Requirement. Lines from the one with "Ballonglühen am Abend" to the end of the material, both included: print them exactly and print nothing else. Omit the pictures.

Information supplied.

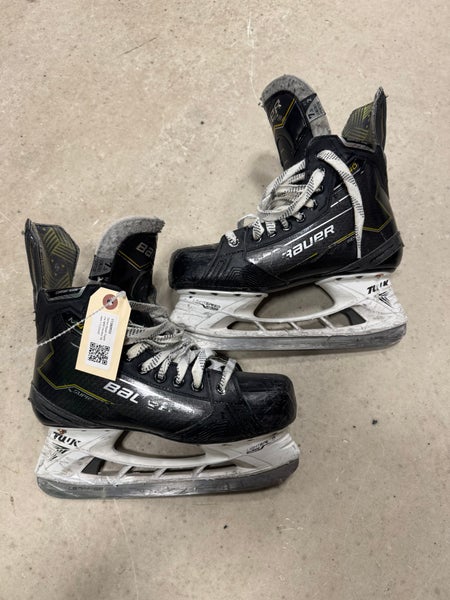 Senior Bauer Supreme M40 Hockey Skates 7.5 (Used)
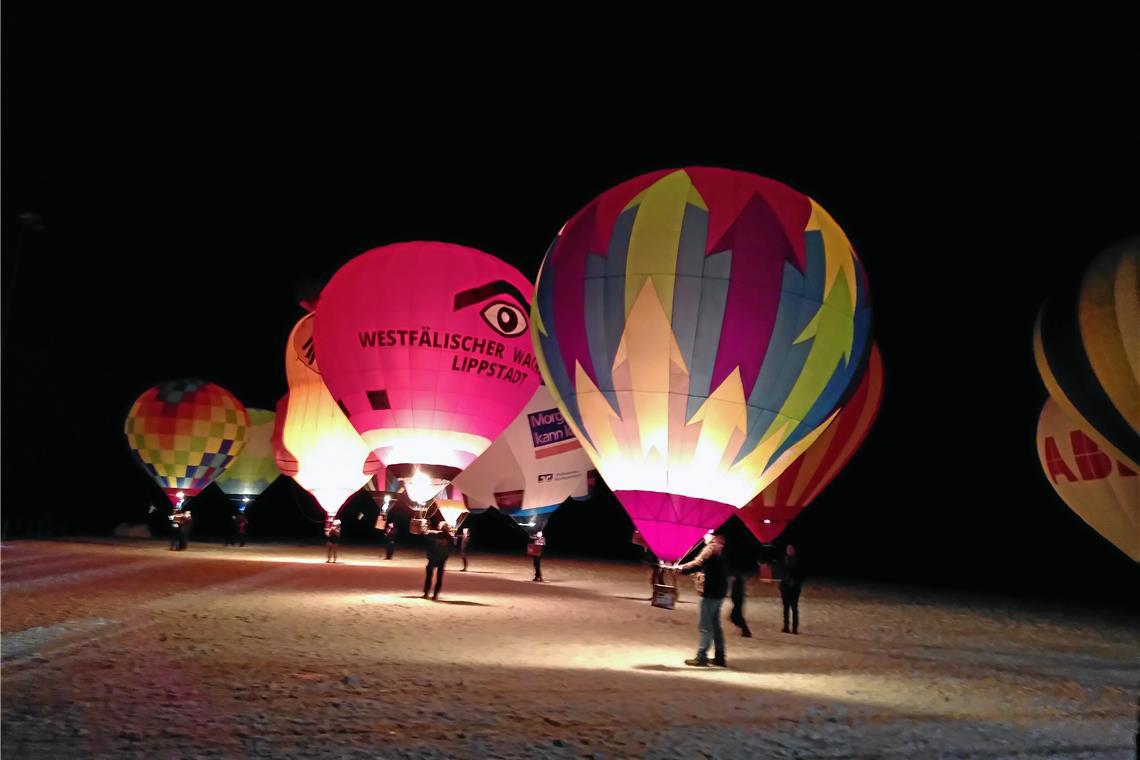 Ballonglühen am Abend auf dem Sportplatz Sechselberg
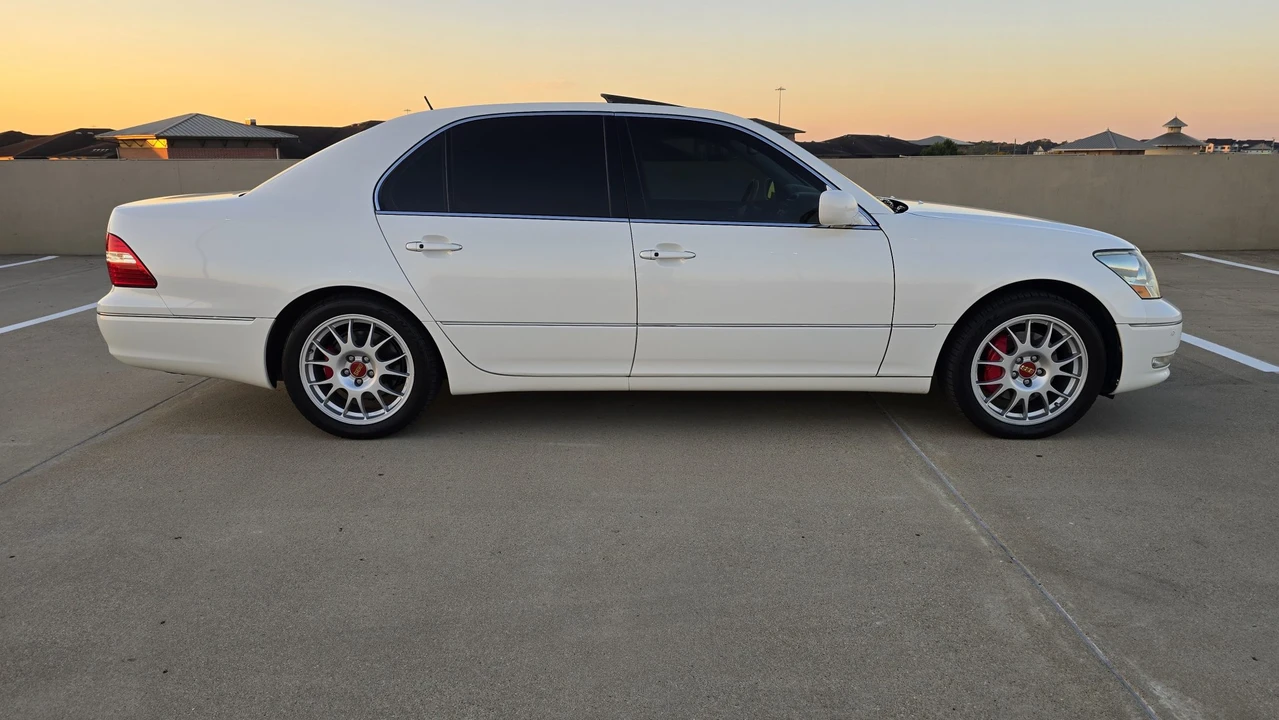 2006 Lexus LS 3rd Gen - Image 7 of 31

Written solution.
 Ballonglühen am Abend auf dem Sportplatz Sechselberg
 2006 Lexus LS 3rd Gen - Image 7 of 31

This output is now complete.